Write out the Rydberg formula terms clearly. Factoring out the constant \( R c \) early helps in finding the ratio/relationship quickly.

Answer 1

The Correct Option is C

Step 1: Understanding the Concept:

Frequency of hydrogen spectral lines is given by \( \nu = RcZ^2 \left( \frac{1}{n_1^2} - \frac{1}{n_2^2} \right) \). We need to find the difference in frequencies for specified transitions in Lyman and Balmer series and relate them.
Step 2: Key Formula or Approach:

Lyman Series (\( n_1=1 \)): 1st line: \( 2 \to 1 \). 2nd line: \( 3 \to 1 \). Balmer Series (\( n_1=2 \)): 1st line: \( 3 \to 2 \). 2nd line: \( 4 \to 2 \).
Step 3: Detailed Explanation:

Let \( K = Rc \). For Lyman Series: Frequency of 1st line (\( \nu_{L1} \)): \( K(1 - \frac{1}{4}) = \frac{3K}{4} \). Frequency of 2nd line (\( \nu_{L2} \)): \( K(1 - \frac{1}{9}) = \frac{8K}{9} \).
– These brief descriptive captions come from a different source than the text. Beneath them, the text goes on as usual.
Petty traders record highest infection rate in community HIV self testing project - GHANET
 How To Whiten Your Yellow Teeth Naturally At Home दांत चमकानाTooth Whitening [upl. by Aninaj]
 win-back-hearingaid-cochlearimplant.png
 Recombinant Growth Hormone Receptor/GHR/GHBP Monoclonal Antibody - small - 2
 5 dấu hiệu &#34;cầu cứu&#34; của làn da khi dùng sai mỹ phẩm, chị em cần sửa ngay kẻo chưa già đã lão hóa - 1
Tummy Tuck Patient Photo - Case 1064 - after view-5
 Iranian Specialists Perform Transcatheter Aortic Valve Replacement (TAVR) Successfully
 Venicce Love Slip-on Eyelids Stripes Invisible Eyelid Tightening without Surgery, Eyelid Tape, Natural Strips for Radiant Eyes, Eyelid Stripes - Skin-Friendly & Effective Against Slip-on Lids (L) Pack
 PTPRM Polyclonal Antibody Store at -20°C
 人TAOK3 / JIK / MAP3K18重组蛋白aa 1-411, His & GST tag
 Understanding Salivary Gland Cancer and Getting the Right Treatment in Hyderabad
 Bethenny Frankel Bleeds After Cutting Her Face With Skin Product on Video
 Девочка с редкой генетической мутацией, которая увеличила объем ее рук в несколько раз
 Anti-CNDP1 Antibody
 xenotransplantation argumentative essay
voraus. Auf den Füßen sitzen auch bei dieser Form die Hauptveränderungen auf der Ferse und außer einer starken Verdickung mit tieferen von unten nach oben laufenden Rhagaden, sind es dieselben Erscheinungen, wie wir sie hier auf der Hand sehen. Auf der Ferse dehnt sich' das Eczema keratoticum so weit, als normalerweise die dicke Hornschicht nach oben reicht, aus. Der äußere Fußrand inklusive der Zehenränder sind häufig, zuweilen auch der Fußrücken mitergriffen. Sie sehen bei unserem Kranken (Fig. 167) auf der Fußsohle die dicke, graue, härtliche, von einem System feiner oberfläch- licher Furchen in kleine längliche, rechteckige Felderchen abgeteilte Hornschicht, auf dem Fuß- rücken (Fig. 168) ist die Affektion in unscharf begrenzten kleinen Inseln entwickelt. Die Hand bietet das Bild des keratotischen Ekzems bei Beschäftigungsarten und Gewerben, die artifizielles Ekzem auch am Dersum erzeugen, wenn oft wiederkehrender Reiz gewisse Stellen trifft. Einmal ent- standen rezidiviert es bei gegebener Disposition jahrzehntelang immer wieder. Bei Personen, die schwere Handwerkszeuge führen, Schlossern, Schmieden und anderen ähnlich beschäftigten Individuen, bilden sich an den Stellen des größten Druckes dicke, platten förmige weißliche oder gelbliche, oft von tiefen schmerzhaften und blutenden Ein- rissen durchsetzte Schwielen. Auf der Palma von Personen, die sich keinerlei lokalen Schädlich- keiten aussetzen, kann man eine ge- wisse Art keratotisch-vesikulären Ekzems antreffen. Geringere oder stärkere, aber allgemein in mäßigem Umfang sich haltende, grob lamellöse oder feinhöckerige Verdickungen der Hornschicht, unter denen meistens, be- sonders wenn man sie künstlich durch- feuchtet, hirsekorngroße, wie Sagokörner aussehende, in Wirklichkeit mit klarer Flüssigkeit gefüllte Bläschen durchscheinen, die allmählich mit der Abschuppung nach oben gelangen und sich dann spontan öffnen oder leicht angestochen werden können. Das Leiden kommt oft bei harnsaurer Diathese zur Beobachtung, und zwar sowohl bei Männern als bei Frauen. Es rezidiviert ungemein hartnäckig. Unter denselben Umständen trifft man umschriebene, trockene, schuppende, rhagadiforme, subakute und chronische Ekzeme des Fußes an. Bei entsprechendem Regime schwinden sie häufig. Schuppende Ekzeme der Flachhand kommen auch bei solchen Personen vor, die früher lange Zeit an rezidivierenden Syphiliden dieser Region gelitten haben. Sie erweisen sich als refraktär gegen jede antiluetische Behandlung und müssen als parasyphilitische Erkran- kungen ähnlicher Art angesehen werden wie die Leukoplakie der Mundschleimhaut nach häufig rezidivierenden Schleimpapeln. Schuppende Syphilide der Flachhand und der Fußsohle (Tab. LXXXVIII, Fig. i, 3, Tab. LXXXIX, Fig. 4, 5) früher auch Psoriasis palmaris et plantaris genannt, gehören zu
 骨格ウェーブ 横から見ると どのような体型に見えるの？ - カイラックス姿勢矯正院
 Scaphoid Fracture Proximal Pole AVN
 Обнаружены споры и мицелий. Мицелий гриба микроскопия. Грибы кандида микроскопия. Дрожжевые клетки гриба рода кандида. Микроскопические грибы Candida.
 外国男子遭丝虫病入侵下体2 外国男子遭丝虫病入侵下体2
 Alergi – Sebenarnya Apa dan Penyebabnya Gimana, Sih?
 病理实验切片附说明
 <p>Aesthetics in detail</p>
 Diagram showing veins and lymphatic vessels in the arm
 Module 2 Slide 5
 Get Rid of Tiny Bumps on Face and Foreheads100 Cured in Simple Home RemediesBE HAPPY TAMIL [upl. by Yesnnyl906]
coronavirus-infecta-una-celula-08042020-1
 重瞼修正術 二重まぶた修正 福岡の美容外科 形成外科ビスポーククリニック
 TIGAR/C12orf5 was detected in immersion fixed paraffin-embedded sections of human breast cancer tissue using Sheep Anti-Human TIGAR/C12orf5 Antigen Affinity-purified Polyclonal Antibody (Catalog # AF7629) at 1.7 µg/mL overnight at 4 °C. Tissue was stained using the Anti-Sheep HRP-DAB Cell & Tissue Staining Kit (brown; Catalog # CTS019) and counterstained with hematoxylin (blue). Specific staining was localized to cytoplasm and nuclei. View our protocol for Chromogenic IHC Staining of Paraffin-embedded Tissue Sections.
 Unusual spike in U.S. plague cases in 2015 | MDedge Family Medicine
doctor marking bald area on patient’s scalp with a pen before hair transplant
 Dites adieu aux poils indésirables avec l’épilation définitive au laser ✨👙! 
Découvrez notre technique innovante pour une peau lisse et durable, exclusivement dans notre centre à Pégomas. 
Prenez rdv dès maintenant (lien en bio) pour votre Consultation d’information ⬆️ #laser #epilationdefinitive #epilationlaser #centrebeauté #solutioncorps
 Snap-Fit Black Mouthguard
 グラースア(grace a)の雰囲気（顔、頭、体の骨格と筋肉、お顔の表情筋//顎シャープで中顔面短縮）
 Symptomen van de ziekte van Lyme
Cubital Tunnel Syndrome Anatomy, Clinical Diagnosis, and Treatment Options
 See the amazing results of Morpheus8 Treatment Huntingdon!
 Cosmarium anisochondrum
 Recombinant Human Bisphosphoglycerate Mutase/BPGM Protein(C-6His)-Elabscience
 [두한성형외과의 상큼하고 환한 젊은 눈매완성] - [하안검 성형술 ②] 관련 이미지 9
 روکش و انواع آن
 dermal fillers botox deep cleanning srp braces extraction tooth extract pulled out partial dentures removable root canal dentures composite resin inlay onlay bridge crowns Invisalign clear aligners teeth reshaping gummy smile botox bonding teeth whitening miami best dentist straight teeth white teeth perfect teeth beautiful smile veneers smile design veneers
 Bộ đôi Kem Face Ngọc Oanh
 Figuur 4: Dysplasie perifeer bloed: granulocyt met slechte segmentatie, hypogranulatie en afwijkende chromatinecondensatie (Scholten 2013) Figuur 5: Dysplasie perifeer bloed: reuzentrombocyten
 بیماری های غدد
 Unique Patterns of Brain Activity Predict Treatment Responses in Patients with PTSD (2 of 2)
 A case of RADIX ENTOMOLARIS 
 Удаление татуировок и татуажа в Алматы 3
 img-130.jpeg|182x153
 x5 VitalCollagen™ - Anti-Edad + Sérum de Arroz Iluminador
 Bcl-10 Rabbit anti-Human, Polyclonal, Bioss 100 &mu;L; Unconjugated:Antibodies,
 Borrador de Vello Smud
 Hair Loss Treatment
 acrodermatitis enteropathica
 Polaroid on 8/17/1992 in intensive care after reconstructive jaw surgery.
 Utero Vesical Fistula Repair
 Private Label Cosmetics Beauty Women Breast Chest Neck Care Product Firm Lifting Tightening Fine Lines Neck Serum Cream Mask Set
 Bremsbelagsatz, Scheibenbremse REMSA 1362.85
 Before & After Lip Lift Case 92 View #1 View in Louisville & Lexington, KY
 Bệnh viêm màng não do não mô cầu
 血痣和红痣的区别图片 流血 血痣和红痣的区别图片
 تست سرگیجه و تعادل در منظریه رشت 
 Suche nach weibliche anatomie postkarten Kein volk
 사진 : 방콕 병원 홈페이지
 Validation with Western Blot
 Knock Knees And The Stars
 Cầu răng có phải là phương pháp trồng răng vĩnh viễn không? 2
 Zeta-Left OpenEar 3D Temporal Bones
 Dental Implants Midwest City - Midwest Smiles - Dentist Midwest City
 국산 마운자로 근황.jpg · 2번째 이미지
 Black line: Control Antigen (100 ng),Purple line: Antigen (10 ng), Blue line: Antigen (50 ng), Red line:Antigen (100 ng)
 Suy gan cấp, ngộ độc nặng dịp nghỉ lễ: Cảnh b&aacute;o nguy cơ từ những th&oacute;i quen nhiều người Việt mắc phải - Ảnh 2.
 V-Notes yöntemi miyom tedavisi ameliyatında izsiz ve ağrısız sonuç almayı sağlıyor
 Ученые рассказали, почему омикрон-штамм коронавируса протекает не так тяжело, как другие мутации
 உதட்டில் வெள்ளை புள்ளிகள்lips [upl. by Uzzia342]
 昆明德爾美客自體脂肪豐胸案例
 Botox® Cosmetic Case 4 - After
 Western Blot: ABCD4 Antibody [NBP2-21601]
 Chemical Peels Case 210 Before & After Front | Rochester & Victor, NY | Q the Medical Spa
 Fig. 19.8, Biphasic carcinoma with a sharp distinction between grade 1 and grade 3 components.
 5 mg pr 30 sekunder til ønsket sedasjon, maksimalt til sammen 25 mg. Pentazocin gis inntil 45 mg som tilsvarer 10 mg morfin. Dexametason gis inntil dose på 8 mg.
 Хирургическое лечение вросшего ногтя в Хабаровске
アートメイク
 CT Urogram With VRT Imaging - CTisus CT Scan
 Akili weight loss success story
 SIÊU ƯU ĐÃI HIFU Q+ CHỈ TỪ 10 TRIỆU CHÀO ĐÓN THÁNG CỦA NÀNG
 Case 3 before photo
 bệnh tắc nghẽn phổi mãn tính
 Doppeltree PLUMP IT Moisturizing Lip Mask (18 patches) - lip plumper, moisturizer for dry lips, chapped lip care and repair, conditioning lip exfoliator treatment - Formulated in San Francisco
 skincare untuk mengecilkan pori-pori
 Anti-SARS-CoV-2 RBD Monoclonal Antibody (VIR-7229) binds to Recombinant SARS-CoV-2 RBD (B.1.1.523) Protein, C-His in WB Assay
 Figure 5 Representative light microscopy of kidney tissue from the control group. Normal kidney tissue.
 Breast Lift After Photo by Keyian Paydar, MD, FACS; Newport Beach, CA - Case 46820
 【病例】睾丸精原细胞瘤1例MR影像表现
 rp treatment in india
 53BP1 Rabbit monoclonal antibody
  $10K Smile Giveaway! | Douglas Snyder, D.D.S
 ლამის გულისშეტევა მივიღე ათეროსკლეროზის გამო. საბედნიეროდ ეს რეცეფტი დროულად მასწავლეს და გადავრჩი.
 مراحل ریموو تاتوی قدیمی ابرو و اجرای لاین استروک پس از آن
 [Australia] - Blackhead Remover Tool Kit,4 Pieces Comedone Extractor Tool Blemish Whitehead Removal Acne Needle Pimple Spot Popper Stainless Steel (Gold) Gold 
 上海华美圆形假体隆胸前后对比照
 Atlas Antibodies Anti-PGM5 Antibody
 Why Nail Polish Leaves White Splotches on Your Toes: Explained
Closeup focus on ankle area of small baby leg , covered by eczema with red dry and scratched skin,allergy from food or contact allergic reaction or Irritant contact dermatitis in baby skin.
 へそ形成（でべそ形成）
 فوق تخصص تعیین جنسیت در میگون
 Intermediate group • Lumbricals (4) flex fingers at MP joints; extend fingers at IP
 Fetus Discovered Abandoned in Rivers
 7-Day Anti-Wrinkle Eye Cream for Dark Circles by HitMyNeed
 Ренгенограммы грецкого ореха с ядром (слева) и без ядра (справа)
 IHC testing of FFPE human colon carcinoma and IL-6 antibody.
Difference \( f = \nu_{L2} - \nu_{L1} = K\left(\frac{8}{9} - \frac{3}{4}\right) = K\left(\frac{32-27}{36}\right) = \frac{5K}{36} \). So, \( K = \frac{36f}{5} \). For Balmer Series: Frequency of 1st line (\( \nu_{B1} \)): \( K(\frac{1}{4} - \frac{1}{9}) = K(\frac{5}{36}) \). Frequency of 2nd line (\( \nu_{B2} \)): \( K(\frac{1}{4} - \frac{1}{16}) = K(\frac{3}{16}) \). Difference \( \Delta \nu_B = \nu_{B2} - \nu_{B1} = K\left(\frac{3}{16} - \frac{5}{36}\right) \). LCM of 16 and 36 is 144. \( \frac{3 \times 9}{144} - \frac{5 \times 4}{144} = \frac{27 - 20}{144} = \frac{7K}{144} \). Substitute \( K = \frac{36f}{5} \): \( \Delta \nu_B = \frac{7}{144} \times \frac{36f}{5} \) \( = \frac{7f}{4 \times 5} \) (since \( 144/36 = 4 \)) \( = \frac{7f}{20} \).
Step 4: Final Answer:

The difference is \( \frac{7f}{20} \).